1917 is a 2019 epic war film co-written and directed by Sam Mendes. The film stars George MacKay, Dean-Charles Chapman, Mark Strong, Andrew Scott, Richard Madden, Claire Duburcq, Colin Firth, and Benedict Cumberbatch. Based in part on an account told to Mendes by his paternal grandfather, Alfred Mendes, it chronicles the story of two young British soldiers in the spring of 1917 during World War I, who are given a mission to deliver a message warning of an ambush, soon after the German retreat to the Hindenburg Line during Operation Alberich.
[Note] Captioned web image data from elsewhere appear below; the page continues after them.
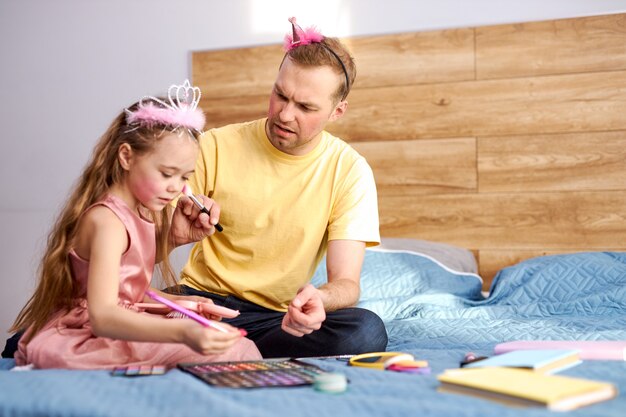 junger Mann zu Hause mit seinem kleinen süßen Mädchen, Make-up auf Gesicht mit dekorativen Mutterkosmetik.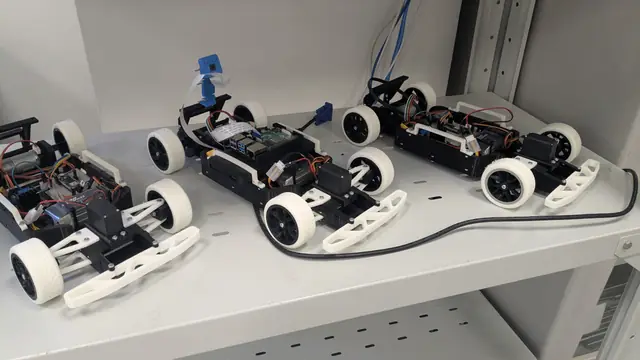 Three small white 3D-printed race cars on a shelf.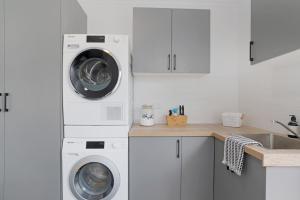 a kitchen with two washing machines and a sink at The Elements l Earth l 4 Stunning Apartments each with Private Outdoor Dining l Walk to the Beach l Pet Family and Event Friendly l Wifi l Netflix l Outdoor Shower l Communal BBQ Pavilion and Lawn Area l in Christies Beach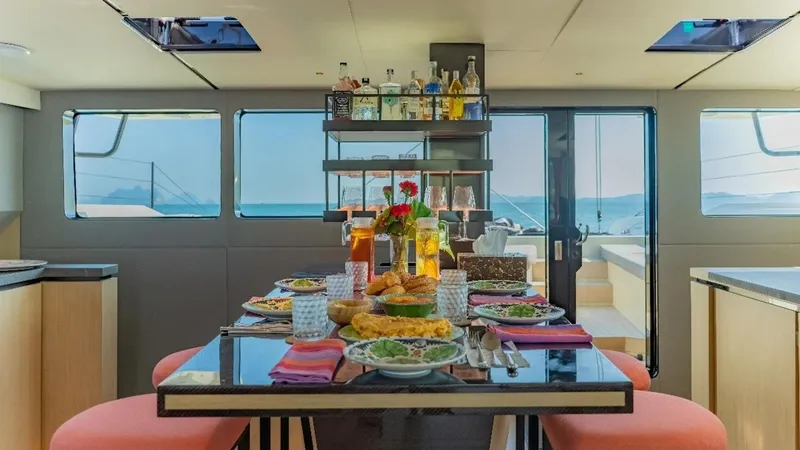 Jack Yacht Photos Pics Luxurious dining area on 2023 McConaghy MC75 yacht with ocean view.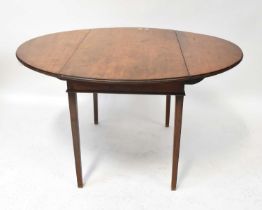 A George III mahogany drop-leaf supper table with D-ends, on square tapering legs, 71 x 124 x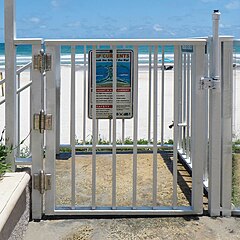Beachside gate with a self-latching device and a higher than 54” release mechanism.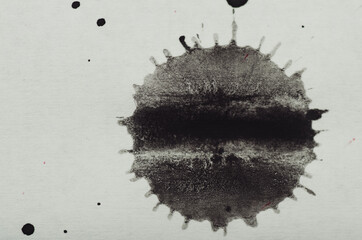 Black abstract ink painting on white paper
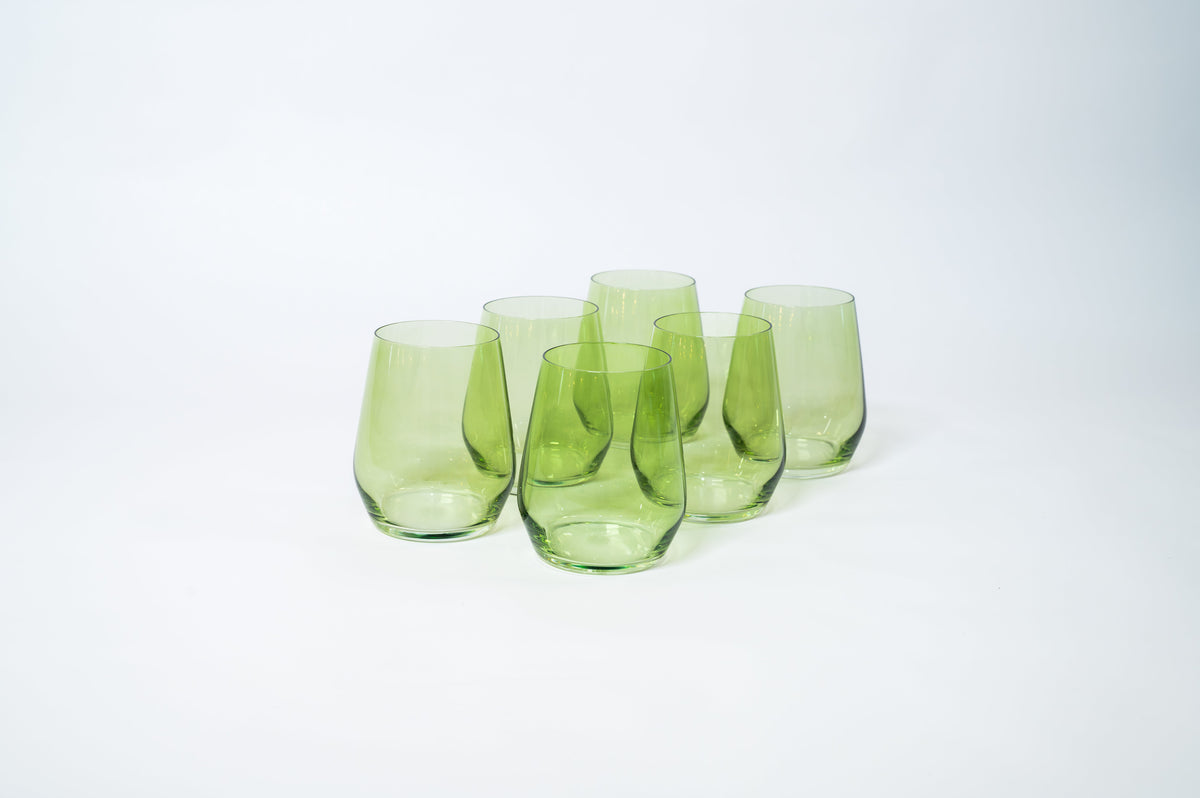Set of six translucent matcha green stemless wine glasses with rounded bases and slightly tapered tops arranged on white background.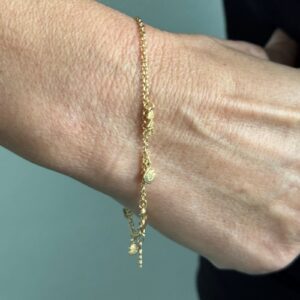 Foto gioiello indossata: bracciale in oro giallo con charms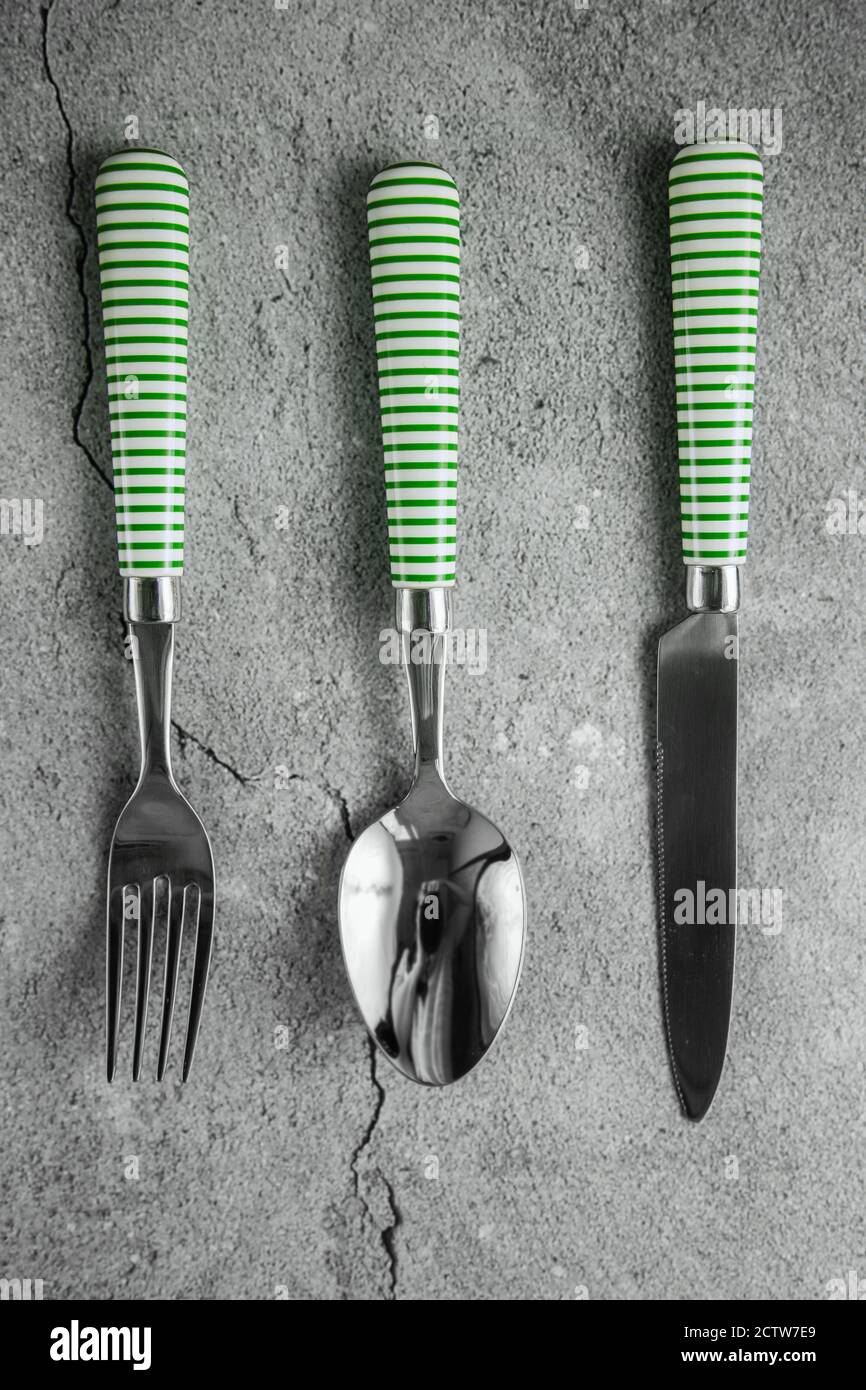 Cutlery on gray concrete background. Spoon, fork, knife with white and green stripes on handles Stock Photo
Thomas Newman composed the film's musical score, while Roger Deakins was the cinematographer. Dennis Gassner and Lee Sandales were responsible for the production design, and Scott Millan, Oliver Tarney, Rachael Tate, Mark Taylor, and Stuart Wilson were responsible for the sound effects.

After debuting at the Royal Film Performance on 4 December 2019, Universal Pictures initially gave the film a limited release in eleven cinemas in the United States and Canada on 25 December. The film was later given a wide release in the United States and the United Kingdom on 10 January 2020.  1917 grossed a worldwide total of $385 million on a production budget of $95 million. Rotten Tomatoes, a review aggregator, surveyed 445 reviews and judged 89% to be positive.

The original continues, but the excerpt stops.